Taupin revealed that the song was inspired by a Newsweek article he’d read about Vietnam veterans who struggled to have normal lives after returning home from the war.

“It was about this guy who’d been wounded in the Vietnam War and had gone back to his hometown, just wanting to forget it all and get on with his life,” Taupin explained (according to NightsWithAliceCooper.com). “But the people there wanted him to be a hero, and wouldn’t leave him alone. In the end, this guy had become so disillusioned, he’d decided the only way out was to leave America altogether.”

“Daniel” became a big hit for John, peaking at No. 2 on the Billboard Hot 100.

“Goodnight Saigon” – Billy Joel (1982)

“Goodnight Saigon” was a song on Billy Joel’s 1982 album The Nylon Curtain that saluted those who served and died in Vietnam. The Piano Man sings the anthemic tune from the perspective of a Marine, who shares the various hardships soldiers experienced, as well as the camaraderie they shared with each other.

Joel said he wrote the song at the request of a number of his peers who served in Vietnam. Since Joel did not serve himself, he asked for input from people he knew who did.

At some of his concerts, Joel invited veterans in attendance to join him onstage to sing “Goodnight Saigon” with him.

The song was released as a single, but only reached No. 56 on the Hot 100.

“Still in Saigon” – Charlie Daniels Band (1982)

Charlie Daniels Band released the song “Still in Saigon” on their 1982 album Windows. The tune was written by journalist and author Dan Daley, and tells the story of a Vietnam veteran 10 years after he was drafted into the military and served more than a year overseas.

The character is experiencing PTSD because of the trauma he endured, and he’s labeled a killer by his war-protesting younger brother.

In a 2007 interview with Songfacts, Charlie Daniels explained that he recorded the tune after it was presented to him by his producer, John Bowman, and by the Vietnam Veterans of America advocacy group.

“[I]t was very much in with the way that I felt about the Vietnam veterans,” Daniels noted. “[I]t was so totally unfair how these people were treated when they came back from a war that they had nothing to do with starting.”

“Still in Saigon” became a hit for the Daniels Band, reached No. 22 on the Hot 100.

“Brothers in Arms” – Dire Straits (1985)

“Brothers in Arms” was the title and closing track of Dire Straits’ chart-topping fifth studio album.

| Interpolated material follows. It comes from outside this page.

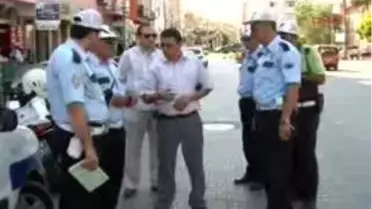 Tarsusarşiv Kask Uygulaması Yapan Polisten, Kaplumbağa Sorusu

Frontman Mark Knopfler was inspired to write the tune by the 1982 Falklands War.

The conflict, which lasted 74 days, saw the U.K. and Argentina involved in military battles over two U.K. island territories located off the southern coast of Argentina. More than 900 people were killed during the conflict, including more than 250 British military personnel.

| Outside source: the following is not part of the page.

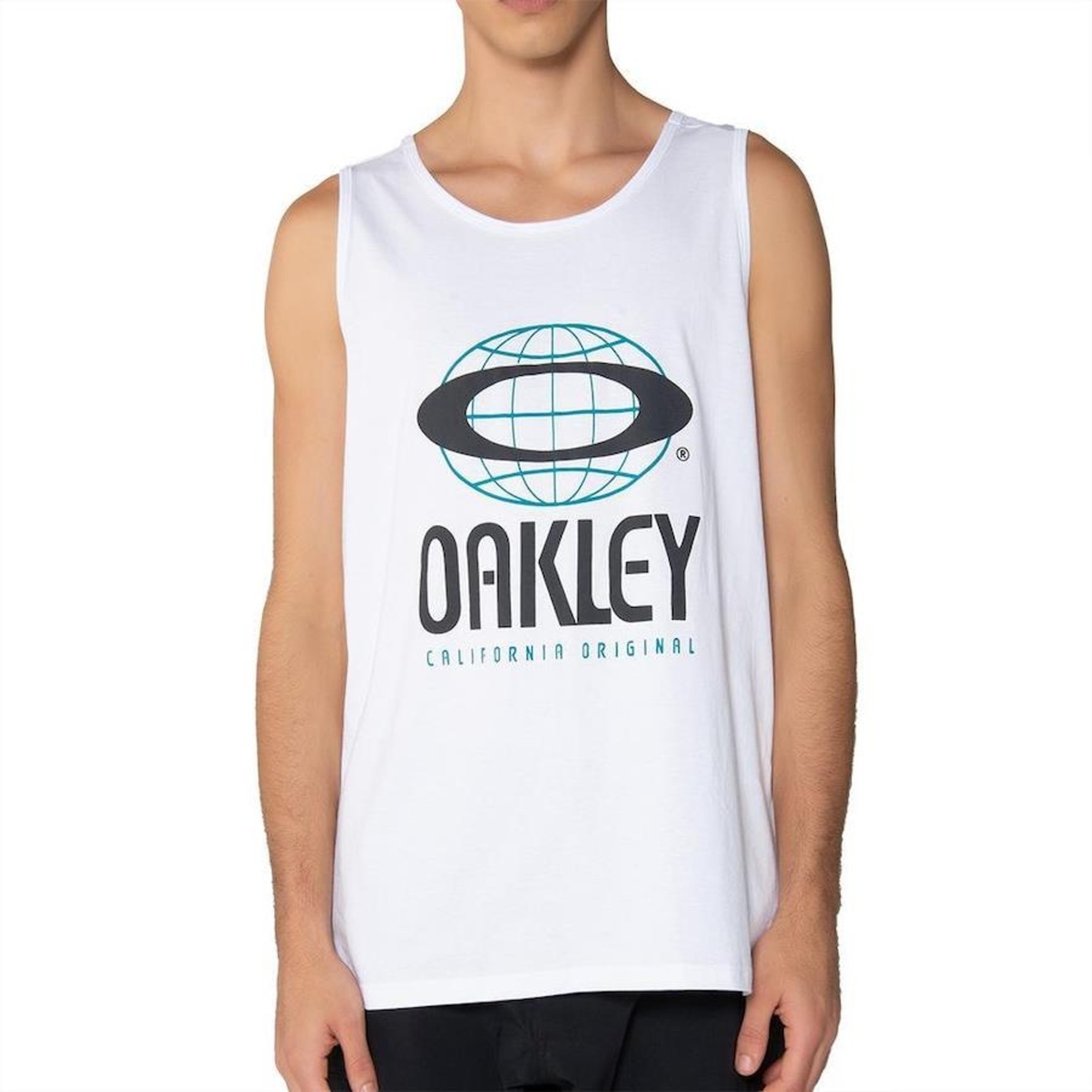 Regata Oakley World Wide Tank Sm25 - Masculina - Foto 1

Knopfler wrote the song about a dying British soldier who is accompanied by his fellow comrades as he passes away.

“Brothers in Arms” reached No. 16 on the U,K, singles chart.

“The Wall” – Bruce Springsteen (2014)

“The Wall” is featured on Bruce Springsteen’s 2014 studio album High Hopes. Springsteen wrote the song about Walter Cichon, the lead singer of a Jersey Shore band called The Motifs who went missing in action while serving in Vietnam in 1968.

The Boss said he was inspired to compose the tune after he and his wife, Patti Scialfa, visited the Vietnam Veterans Memorial in Washington, D.C. In the song, Springsteen laments the lost potential of the many whose names are inscribed the memorial’s wall.

Springsteen said of Cichon, “He was the first person I ever stood in the presence of who was filled with the mystique of the true rock star.”

He added, “He still performs somewhat regularly in my mind, the way he stood, dressed, held the tambourine, the casual cool, the freeness. … His was a terrible loss to us, his loved ones and the local music scene. I still miss him.”

Springsteen began recording the tune in the late 1990s, and the track was finally completed for the 2014 album.